We’ve made some 1st millennium artefact finds, but they are quite humble so far: a few potsherds and belt knives only.
The top 30 cm are quite disturbed, with occasional modern objects found below the level at which the hall’s postholes and wall lines appeared. These disturbances include at least one waste pit full of pig jaws.
We have a point from a 13/1400s crossbow bolt and a 1559-60 coin of Gustavus I. They date from long after the hall was torn down, but are interesting anyway.
Aerial view from the NE. Drone photo Cheyenne Olander.
Friday afternoon, trench across the hall seen from above looking west. The stone layer marks the indoors. To the right are two visible postholes from the widely spaced buttress posts, Trelleborg style. Drone photo by Cheyenne Olander.
The platform mound at Aska in Hagebyhöga is a 3 metres high raised foundation for an almost 50 metres long mead-hall. Think King Hrodgar’s hall Heorot. Think King Théoden’s hall Meduseld (= mead-hall = Sw. mjöd-sal).
Ragnhild Fernholm and Carin Claréus test trenched the mound in 1985-86 and found an articulated rear leg of a horse under it, with a radiocarbon date most probably in the AD 700s. Andreas Viberg and I surveyed the top platform with ground-penetrating radar in 2013, and Andreas swiftly mapped every posthole in the structure. In the past week my crew of 15 hard-working people, mostly students from my old department at U Stockholm, has opened a 100 sqm trench across the central room in the mead-hall. Here are some highlights.
There is no thick stratigraphy on top of the hall foundation. The uppermost packing stones of the postholes are only 10-25 cm below the turf.
Everything we have found in the topsoil may date from after AD 1800. The only exception is a single 1630s fyrk coin. The many pre-WW1 coins tally well with information given by old people in the 1980s, that there had once been annual mid-summer celebrations on the mound.
After the hall was torn down, a layer of smallish stones was laid down over its indoors. Feel free to interpret this in a symbolic and/or practical way.
Thanks to the simple stratigraphy, we will be able to open up the full 200 sqm that our permit allows.
I look forward to sectioning and soil-sampling the central hearth, a few of the great roof-bearing postholes and the wall trenches.
It is liberating not to have to excavate every sunken feature like you do on a highway dig where the site will be bulldozed when you’re done.
I love geophys, skilled metal detectorists and drone photography!
Skällvik Castle, drone photo from the north-east with our trenches A-G indicated. By team member Jan Ainali.

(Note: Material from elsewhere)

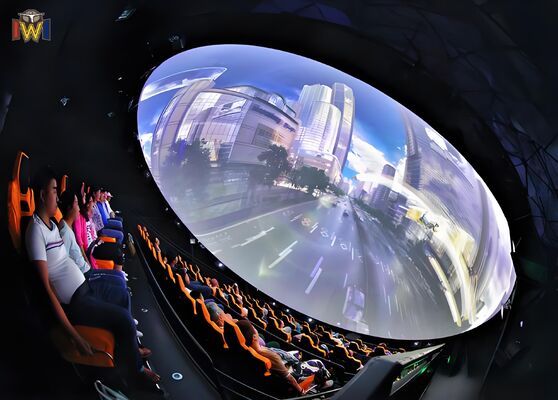 Good price VR Dome Cinema with Surround Sound and Dynamic Platform for an Immersive Modular Design Experience online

Two years ago myself and Ethan Aines headed the first professional excavation at Skällvik Castle, a 14th century stronghold. It’s near Söderköping, across the water from Stegeborg Castle, and may be seen as a fossil of an itinerant castle that sat on Stegeborg’s islet before and after the period 1330-1360. Skällvik Castle was at various times owned by the See of Linköping and the Swedish Crown, and was at least used by the provincial Lawspeaker as well.
Some of our main results were these.
The written sources document activity at the castle in 1330-50. The coins we found extend that use period at least four more years to 1354. In 1356 there was a civil war and the nearby vicarage is known to have been attacked. This is a likely end date for the castle.

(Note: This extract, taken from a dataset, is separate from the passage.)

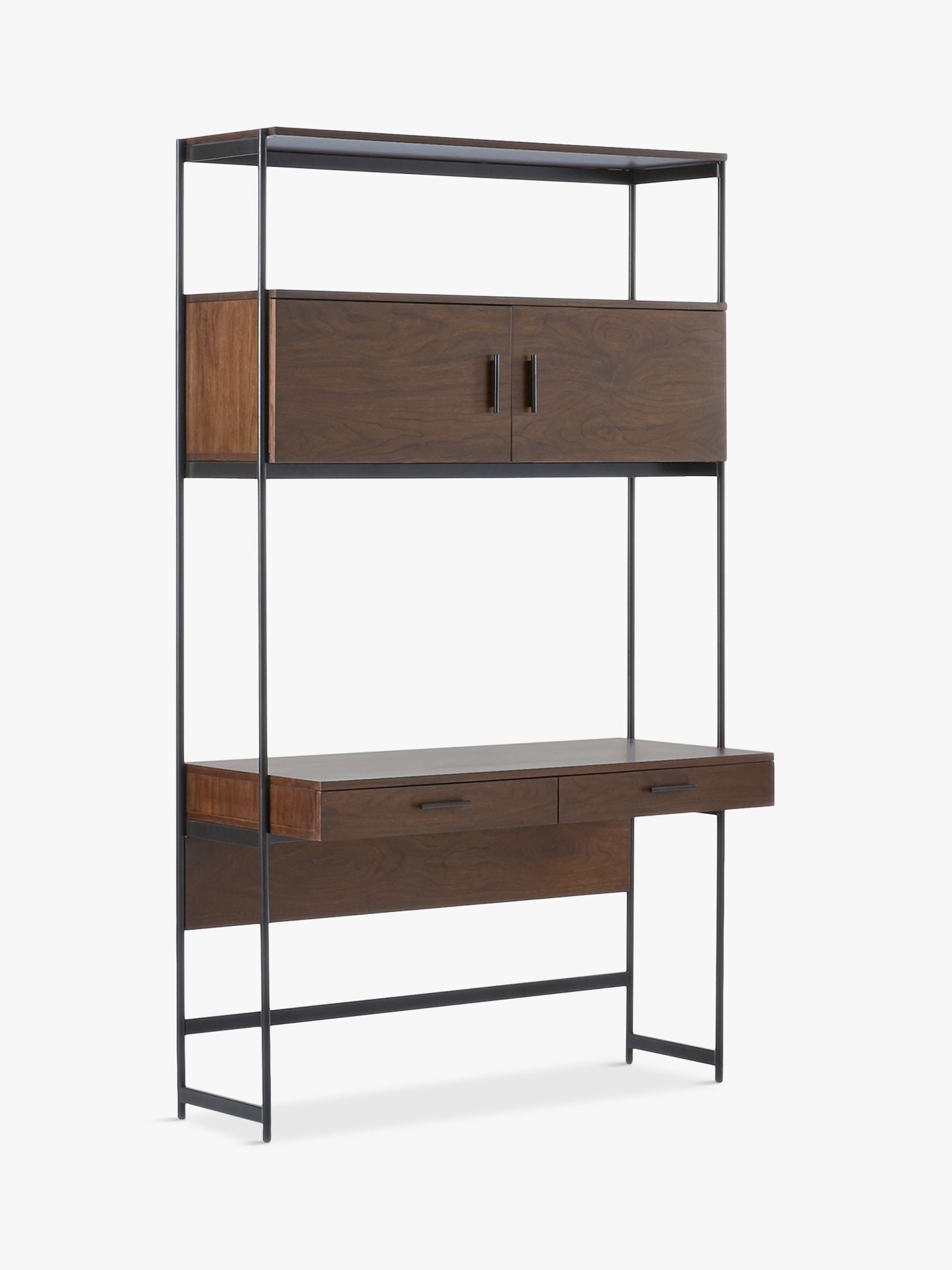 west elm Foundry Wall Desk review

We identified the castle guards’ day room, warmed by the bakery oven, where finds show that the guards spent their off-time fletching crossbow bolts and gambling with dice for money.
We found a noblewoman’s seal matrix, dropped into the sea off the castle’s dock. Her full name and identity are unknown, but historians have helped us identify two men known from the written record who may be her father and her husband. There was still sealing wax stuck to the matrix under the verdigris.